しかしそこには彼ら以外に人の姿はなく、彼女の悲鳴は誰にも届かなかった。
「まぁ、抵抗するよな。すまん」
赤いマスクの男はアトリの首筋に何らかの薬物が入った注射を打つ。
彼女の意識は一瞬で飛び、力なく赤いマスクの男に倒れ込んだ。
「ーッ!」
「はいはい、じーっとして! じーっと!」
ドロシーは黄色いマスクの男に口を抑えられて身動きを完全に封じられる。
彼らの動きは俊敏で一切の無駄が無く、彼女は魔法で反撃する隙も与えられなかった。
(……スコット君は、もうやられちゃったか。うーん、あの動きで背後から襲われちゃったらねぇ……)

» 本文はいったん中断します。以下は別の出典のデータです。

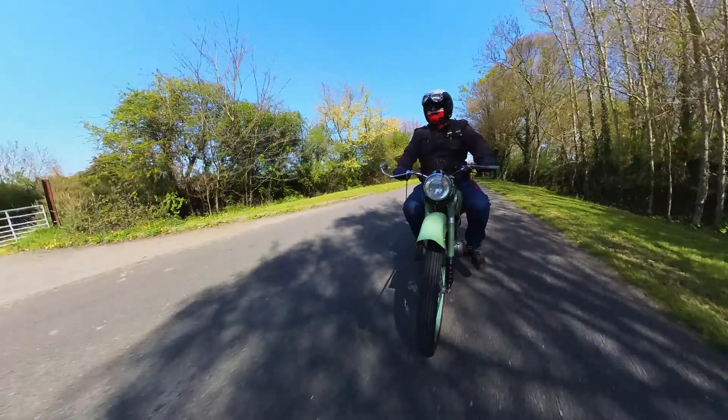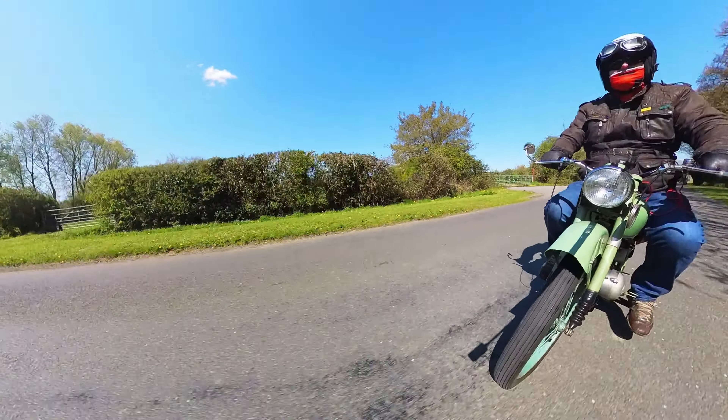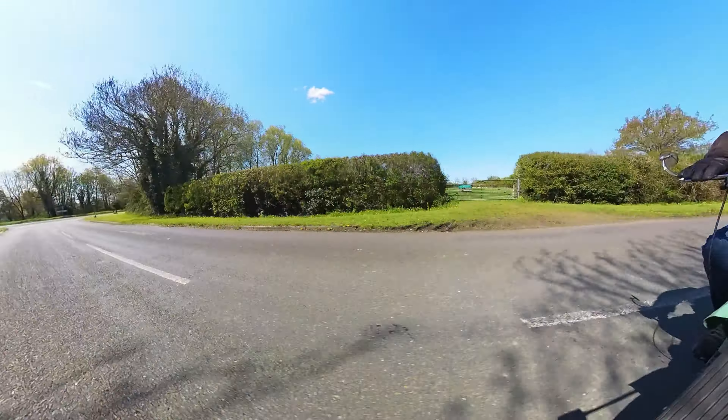Not that I don't look a plonker most of the time, but that is a 360 camera mounted on my BSA Bantam fuel tank. That's because I'm going to go to the filling station and get some fuel for mixing up for two-stroke.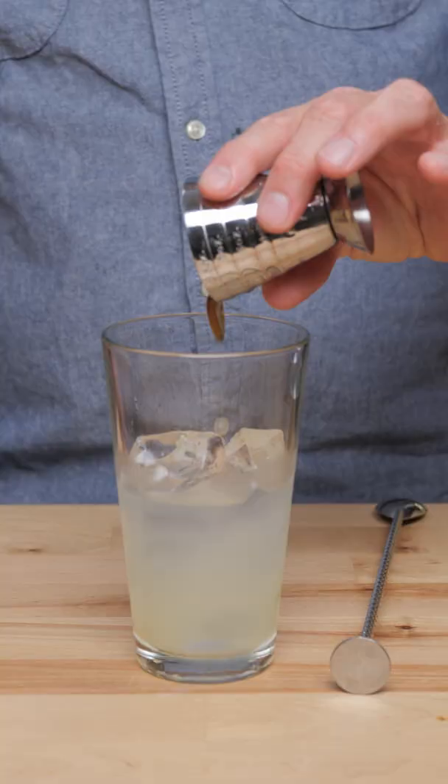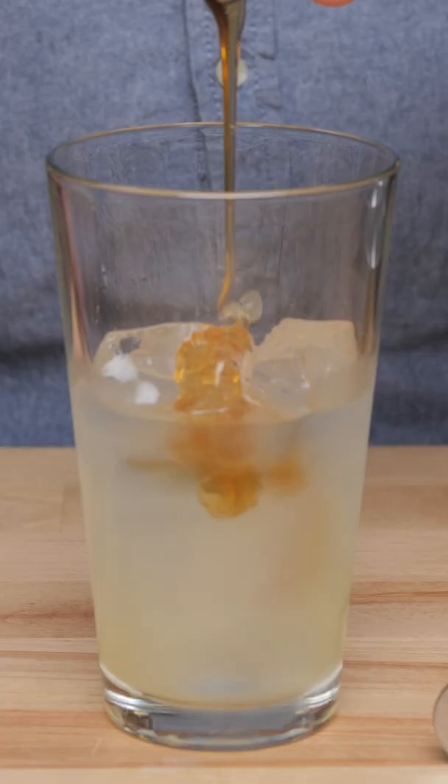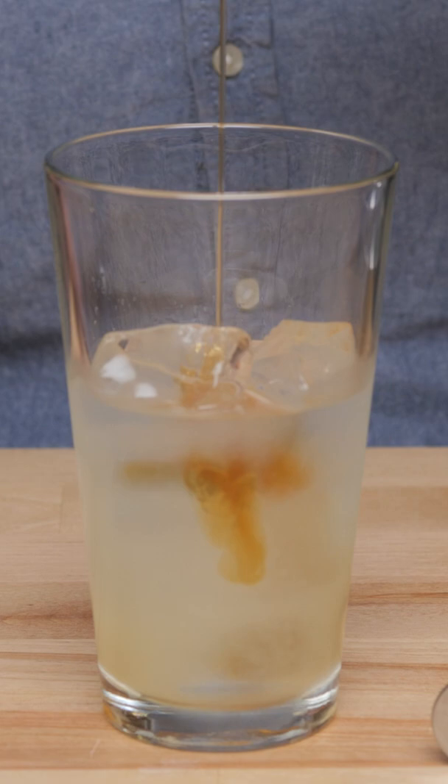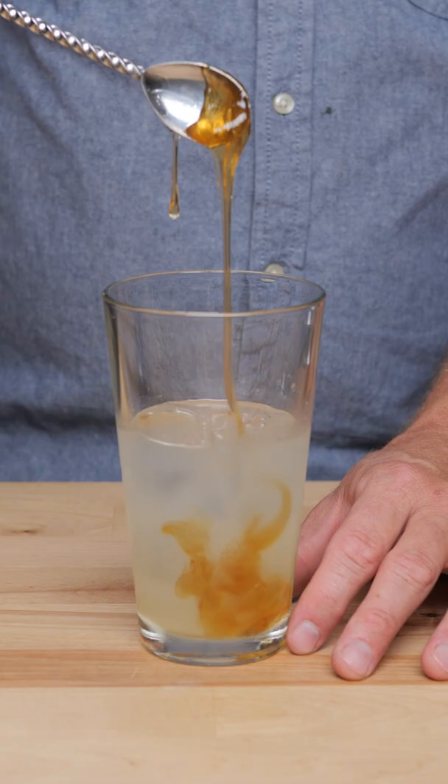Why did my honey turn into a ball when I put it in the shaker? This was asked in reference to making a bee's knees. Honey can be a tricky ingredient to work with because when it gets cold, it seizes up and takes on a sap-like consistency. So when you put it in the tin and add your other cocktail elements — your spirit, your citrus juice — and shake it, the honey doesn't actually combine into the cocktail.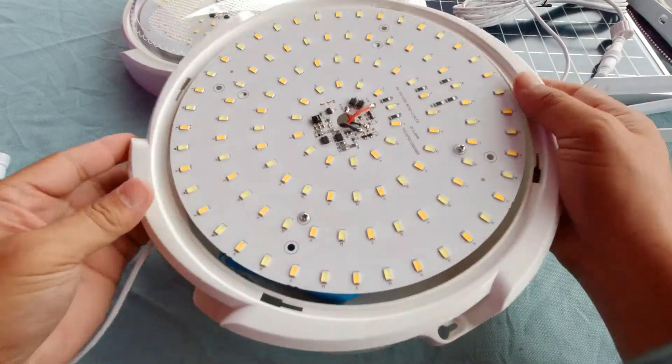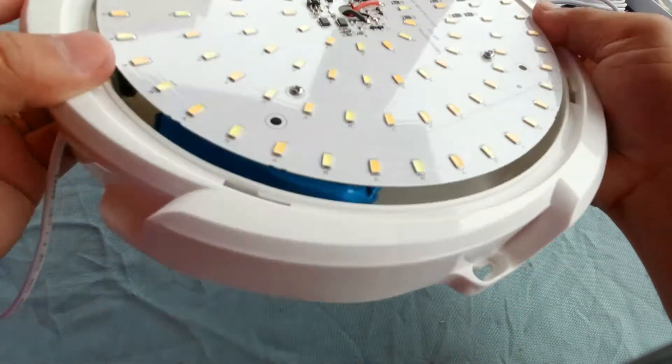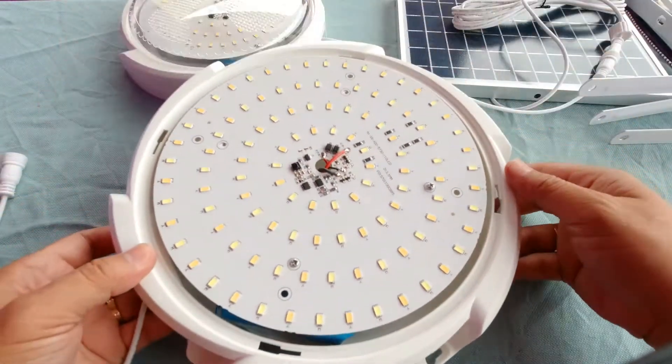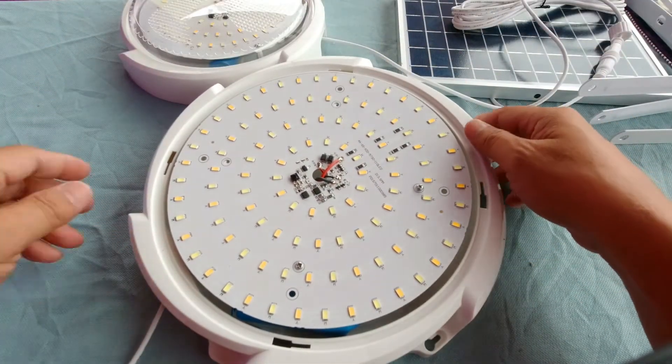Since this one the battery is really not fixed inside, so let's just tear this thing down.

突然のトラブルに見舞われながらもドロシーは冷静に状況を分析する。
魔法が使えない彼女ではこの男の拘束を解くのは困難だ。
マスクの男の数は彼女達を襲った二人と周囲を警戒する四人の計六人。
(……ちょっとヤバいかも)
正直言って、かなり危機的状況にあった。
(仕方ない、取り敢えずこの男の脛を蹴っ……あっ)
冷静に反撃に転じようとしたドロシーの首筋に黄色いマスクの男は冷静に注射を打ち込んだ。
「終わったか」
「はいよ、じゃあ行きますか」
気を失った彼女達を抱え、二人は足早に立ち去ってエイトと合流する。
「おー、おー、すげー! いやー、すげーな!!」
彼は小さく拍手をしながら、一仕事を終えたプロに称賛の言葉をかける。
「相変わらず見事なもんだよ、惚れ惚れするね」
「どーも」
「無駄口を叩くな、さっさと走れ」
エイトと誘拐屋の二人はそのまま路地裏に姿を消す。
その場に残った誘拐屋のメンバーは気絶したスコットの処遇を話し合う。
「どうする?」
「男は大して売れないからな……顔にもよるが」
「見ておくか? 美形かもしれないぜ?」
「……どうだかな」
メンバーの一人が倒れる男の後ろ髪を掴んで引き上げ、彼の顔を覗き込む。
「……うーん」
「こりゃ売り物にはならんな」
「よくこの普通な顔で別嬪な彼女を二人もゲットしたな」
「よし、殺すか!」
青いマスクの男が物騒な台詞を言いながらナイフを取り出した、次の瞬間────……
「……お、あっ?」
その男の首は 斜めに曲がった。
まぁこの話のヒロインは人妻なんですけどね。